[EXTRACTED RECORDS]

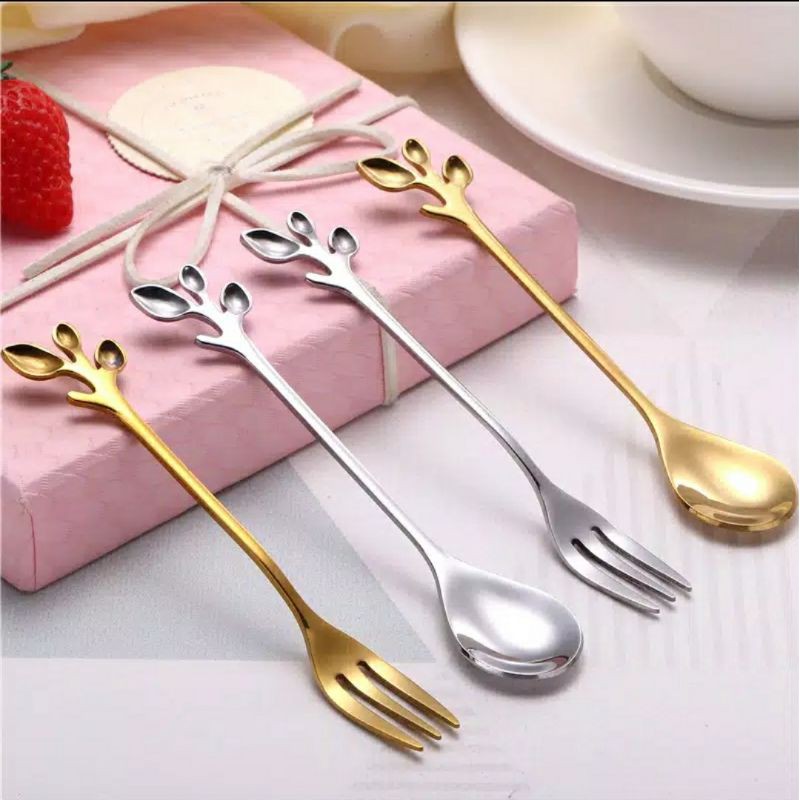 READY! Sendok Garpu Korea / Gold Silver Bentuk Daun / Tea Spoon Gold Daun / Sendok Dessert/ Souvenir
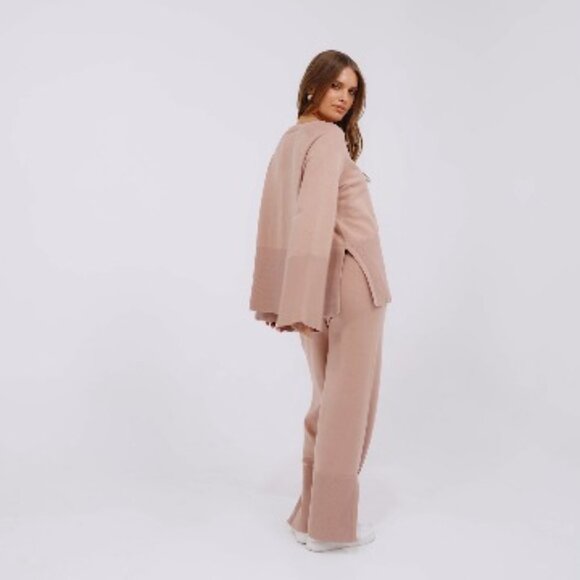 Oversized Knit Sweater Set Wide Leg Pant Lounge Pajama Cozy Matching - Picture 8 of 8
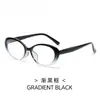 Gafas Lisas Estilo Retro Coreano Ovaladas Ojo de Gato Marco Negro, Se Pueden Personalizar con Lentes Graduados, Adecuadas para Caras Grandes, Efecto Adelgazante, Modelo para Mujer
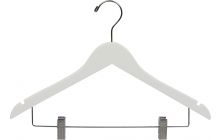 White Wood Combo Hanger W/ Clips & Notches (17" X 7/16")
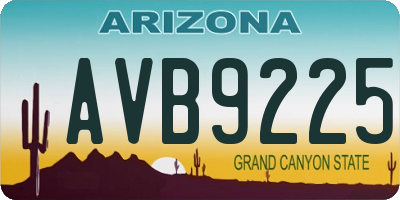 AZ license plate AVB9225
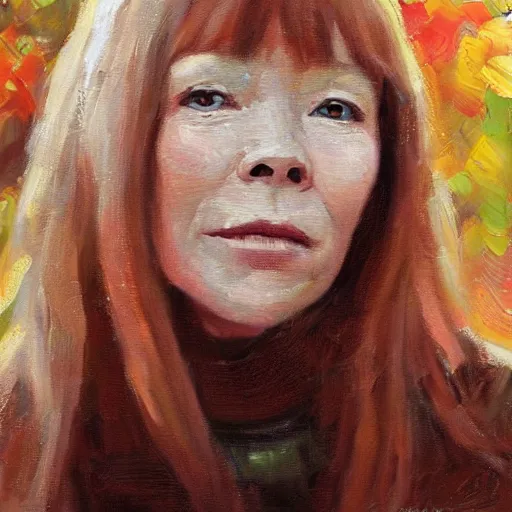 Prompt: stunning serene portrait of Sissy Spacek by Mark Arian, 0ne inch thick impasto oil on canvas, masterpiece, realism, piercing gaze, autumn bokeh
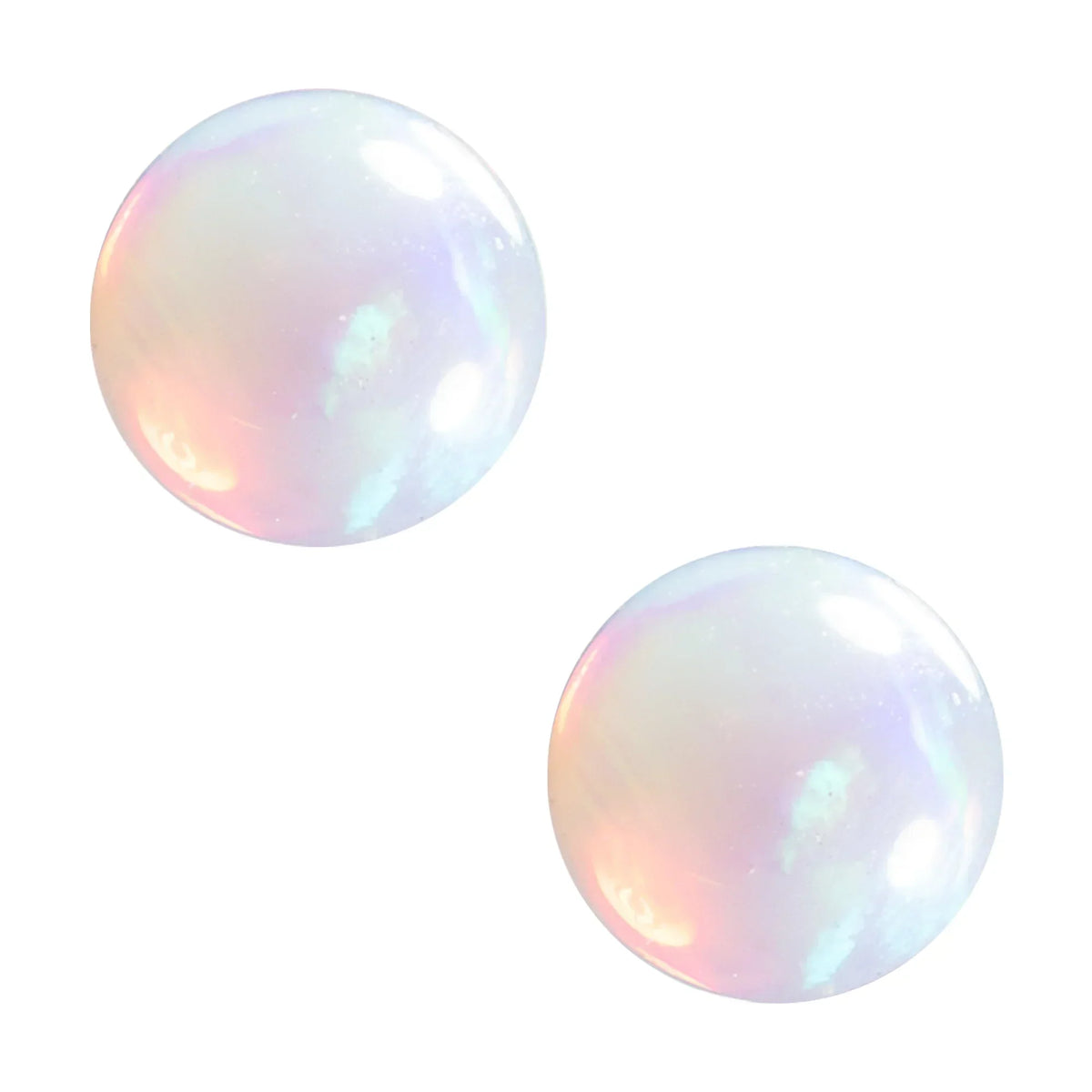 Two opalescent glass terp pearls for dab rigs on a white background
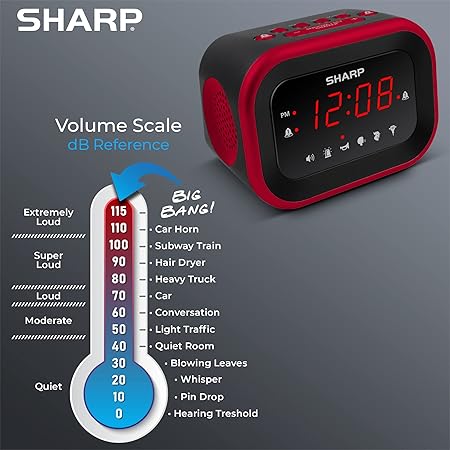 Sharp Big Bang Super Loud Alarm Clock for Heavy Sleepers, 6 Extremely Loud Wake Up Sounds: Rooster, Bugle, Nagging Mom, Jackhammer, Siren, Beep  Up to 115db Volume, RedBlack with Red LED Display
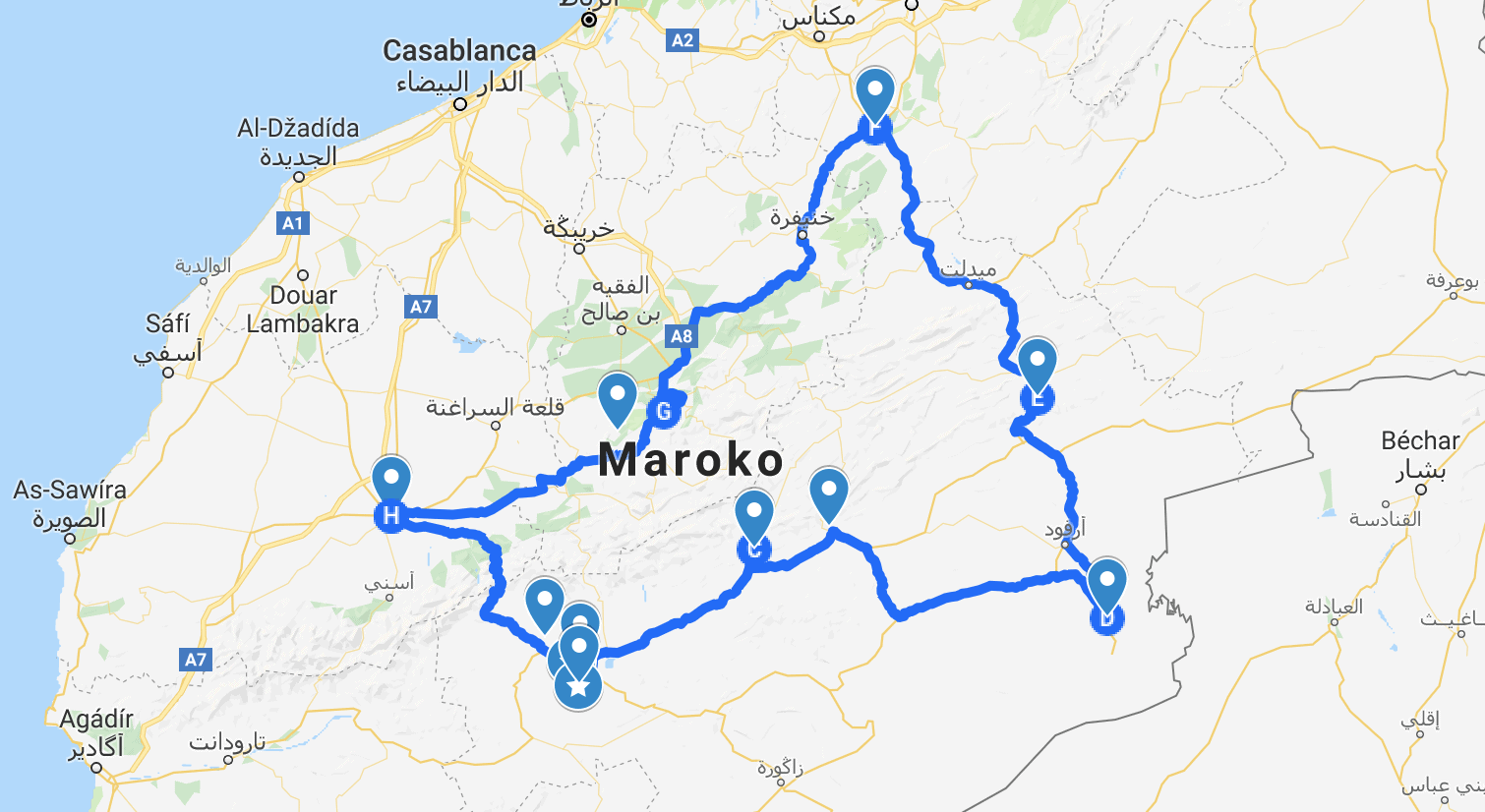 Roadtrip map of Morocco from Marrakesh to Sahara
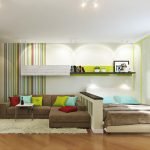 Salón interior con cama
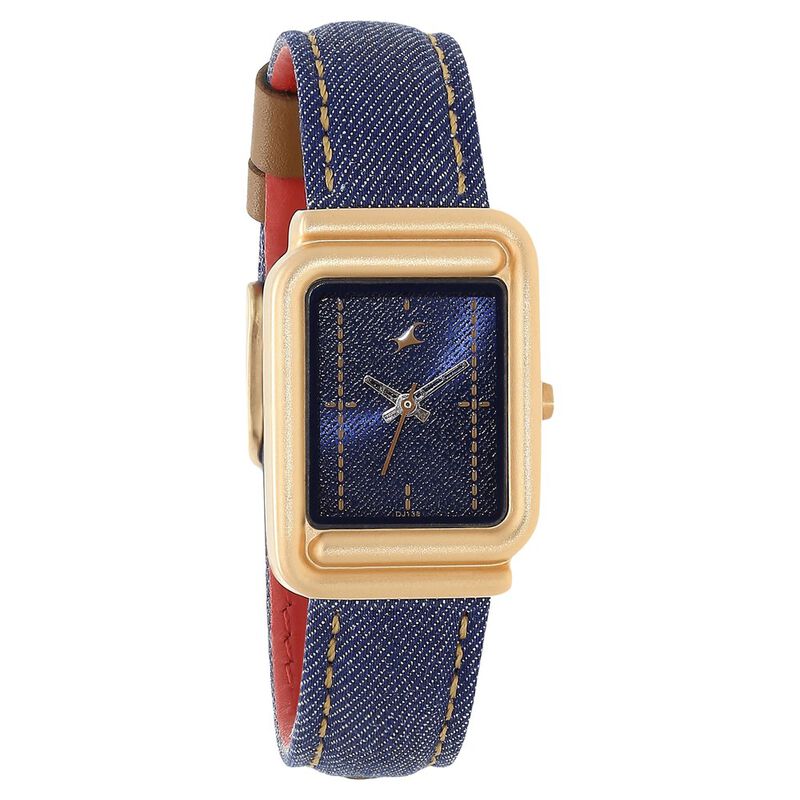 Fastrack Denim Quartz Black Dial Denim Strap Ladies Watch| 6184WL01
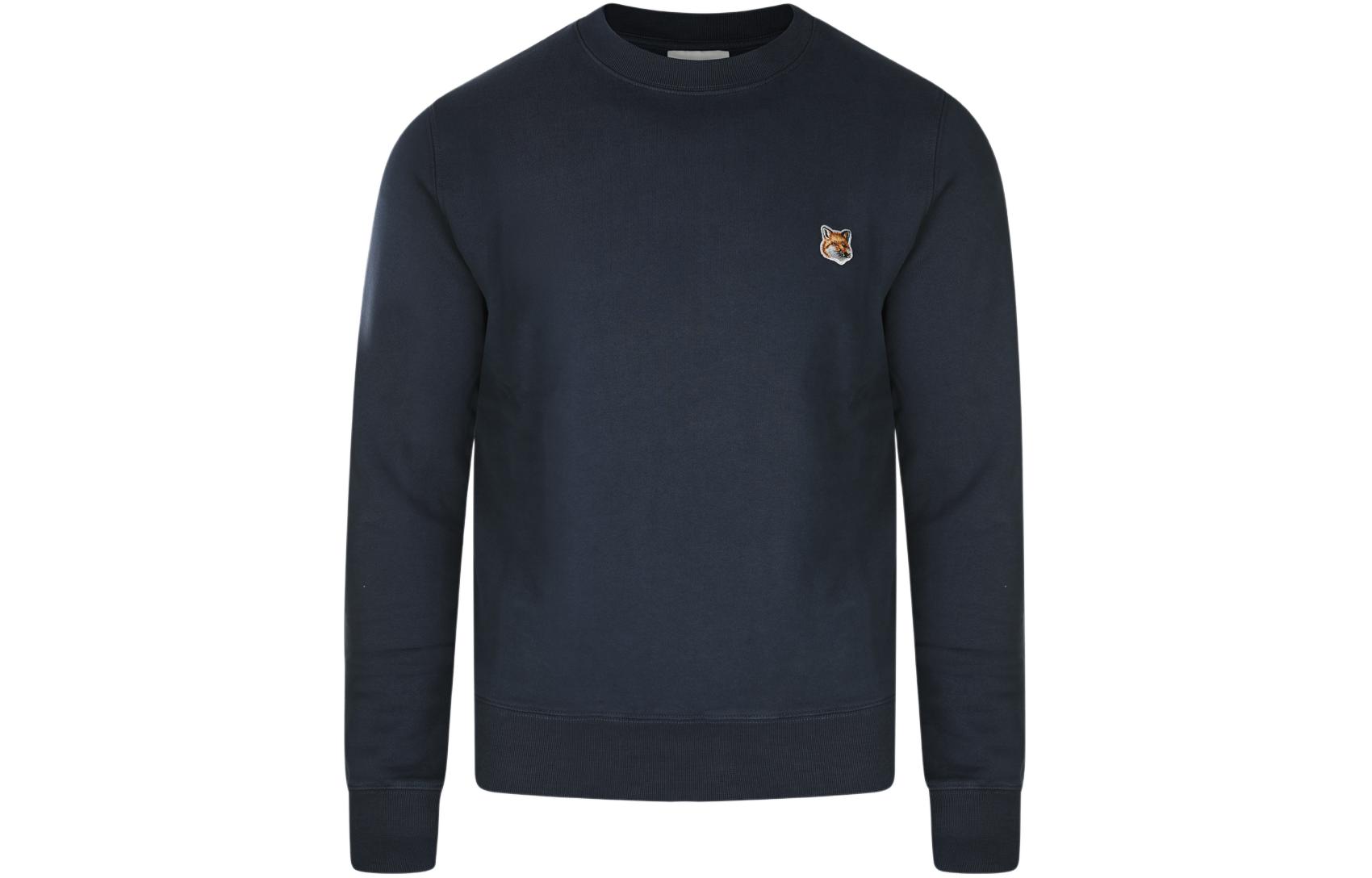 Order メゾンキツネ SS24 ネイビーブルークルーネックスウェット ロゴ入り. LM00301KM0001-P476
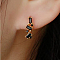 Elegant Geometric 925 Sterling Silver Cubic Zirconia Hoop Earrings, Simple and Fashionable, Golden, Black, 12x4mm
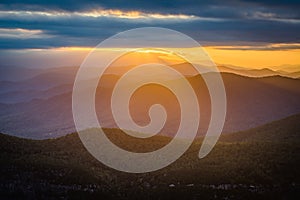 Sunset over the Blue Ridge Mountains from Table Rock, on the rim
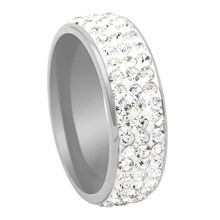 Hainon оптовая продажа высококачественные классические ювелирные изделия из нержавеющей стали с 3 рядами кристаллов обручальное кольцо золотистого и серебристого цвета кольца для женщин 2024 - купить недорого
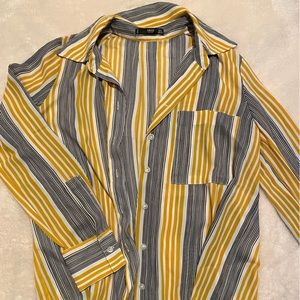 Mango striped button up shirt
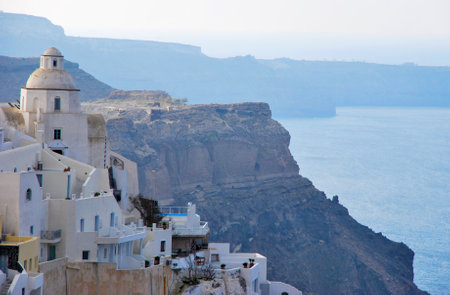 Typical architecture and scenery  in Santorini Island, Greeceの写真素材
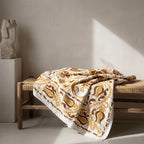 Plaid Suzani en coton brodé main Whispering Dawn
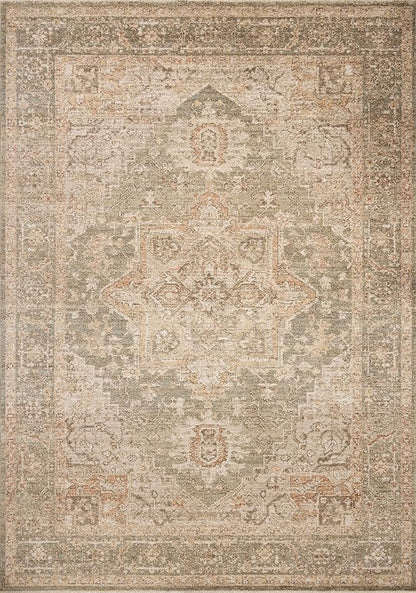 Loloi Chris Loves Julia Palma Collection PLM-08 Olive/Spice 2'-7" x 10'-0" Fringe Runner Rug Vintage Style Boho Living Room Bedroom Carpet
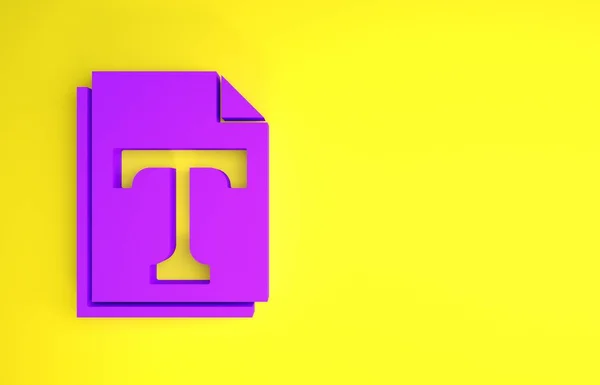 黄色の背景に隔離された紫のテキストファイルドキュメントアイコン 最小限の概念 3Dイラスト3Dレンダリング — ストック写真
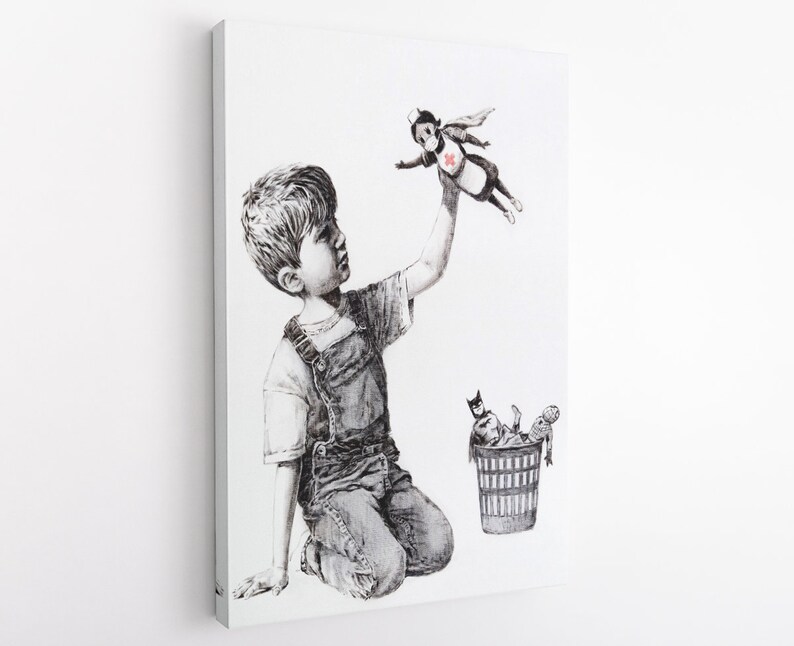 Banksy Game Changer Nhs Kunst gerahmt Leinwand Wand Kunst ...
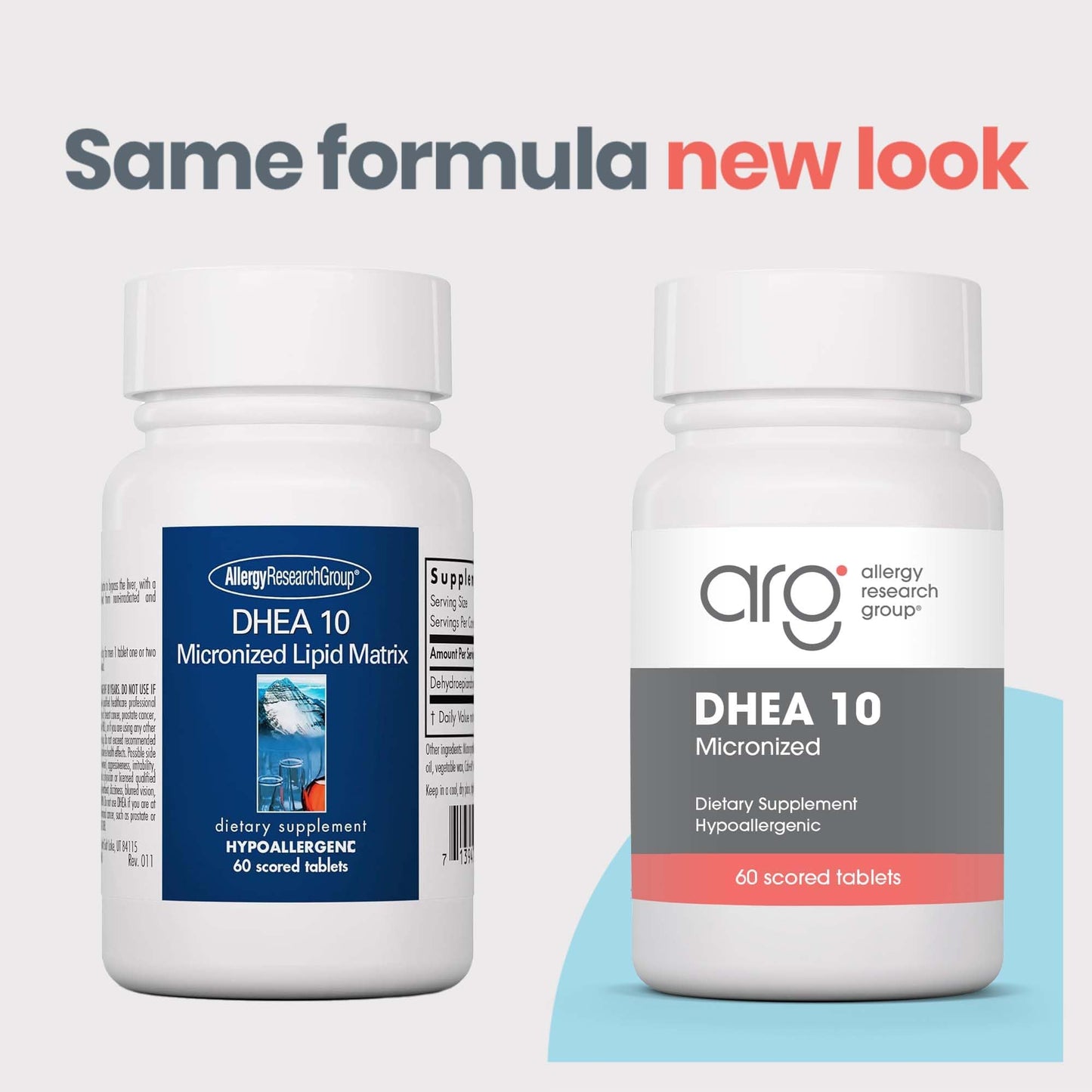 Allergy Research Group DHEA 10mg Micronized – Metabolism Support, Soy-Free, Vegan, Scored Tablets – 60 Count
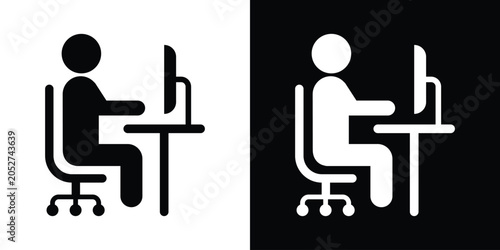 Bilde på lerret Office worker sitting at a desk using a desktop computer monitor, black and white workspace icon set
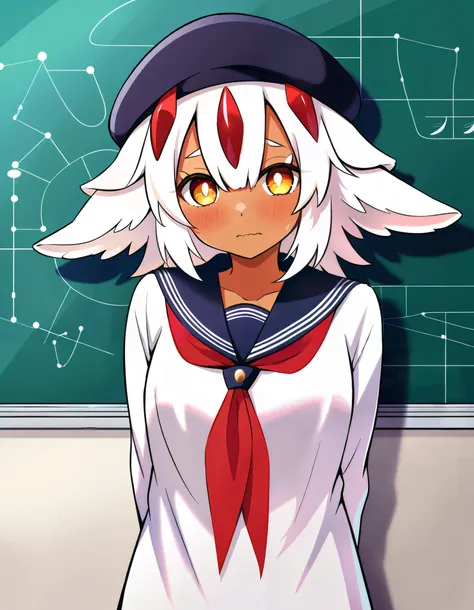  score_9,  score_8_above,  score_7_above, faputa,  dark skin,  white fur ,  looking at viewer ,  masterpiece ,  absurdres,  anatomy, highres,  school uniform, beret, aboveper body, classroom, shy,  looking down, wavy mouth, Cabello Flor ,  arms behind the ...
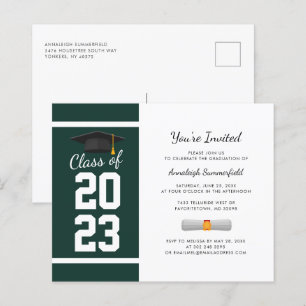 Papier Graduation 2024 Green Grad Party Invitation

[/EXTRACTED RECORDS]

- **THE TASK**:
In the entries above, find the line containing "Sunset over the" and the line containing "Plaid Suzani en", then copy both and every line between them exactly, without any picture.

- **PROBLEM SOLUTION**:
 Sunset over the Blue Ridge Mountains from Table Rock, on the rim
 Hainon оптовая продажа высококачественные классические ювелирные изделия из нержавеющей стали с 3 рядами кристаллов обручальное кольцо золотистого и серебристого цвета кольца для женщин 2024 - купить недорого
 Mango striped button up shirt
 Typical architecture and scenery  in Santorini Island, Greeceの写真素材
 Plaid Suzani en coton brodé main Whispering Dawn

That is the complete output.